Davalı …vekili cevap dilekçesinde özetle; davacı şirketin zararlarını karşılamak adına talepte bulunacakları kişinin müvekkili …olmadığını, müvekkilinin İzmir … Ağır Ceza Mahkemesi … esas sayılı dosyasında halen yargılanmakta olduğunu ve bu dosyanın bekletici mesele yapılması gerektiğini, müvekkilinin her ne nam altında olursa olsun davacı şirkete hiçbir borcunun bulunmadığını belirterek davanın reddine, yargılama giderleri ve vekalet ücretinin karşı tarafa tahmiline karar verilmesini talep etmiştir.

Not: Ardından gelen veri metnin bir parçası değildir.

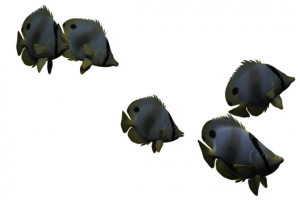 海底生物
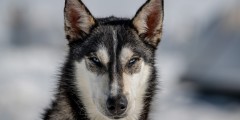 Alpine Air Alaska – Seward Dog Sledding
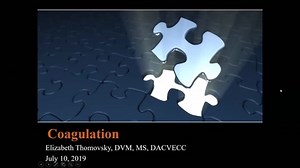Coagulation: ACVECC Exam Webinar July 10, 2019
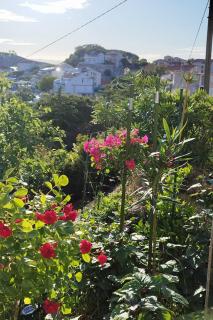 Apartments by the sea Kampor, Rab - 24630 - 6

Davalılar … ve … tarafından dosyaya cevap dilekçesi sunulmamıştır.
DEĞERLENDİRME VE GEREKÇE
Dava; davacı sigorta şirketi nezdinde … Taşıyıcı Mali Mesuliyet Sigortası ile sigortalı olan dava dışı … Lojistik Taşımacılık Turizm Gıda Organizasyon İnşaat Tekstil Sanayi Ve Ticaret Limited Şirketi’nin …’den …, …, …, …’a gönderilmek üzere yüklemesi yapılan muhtelif cins, sayı ve ebatta zirai ilaç emtiasının alıcılara teslim edilememesi nedeniyle davalıların sorumluluğunun bulunduğu iddiası ile davalılar hakkına rücuen tahsil talepli başlattığı icra takibine itirazın iptali istemine ilişkindir.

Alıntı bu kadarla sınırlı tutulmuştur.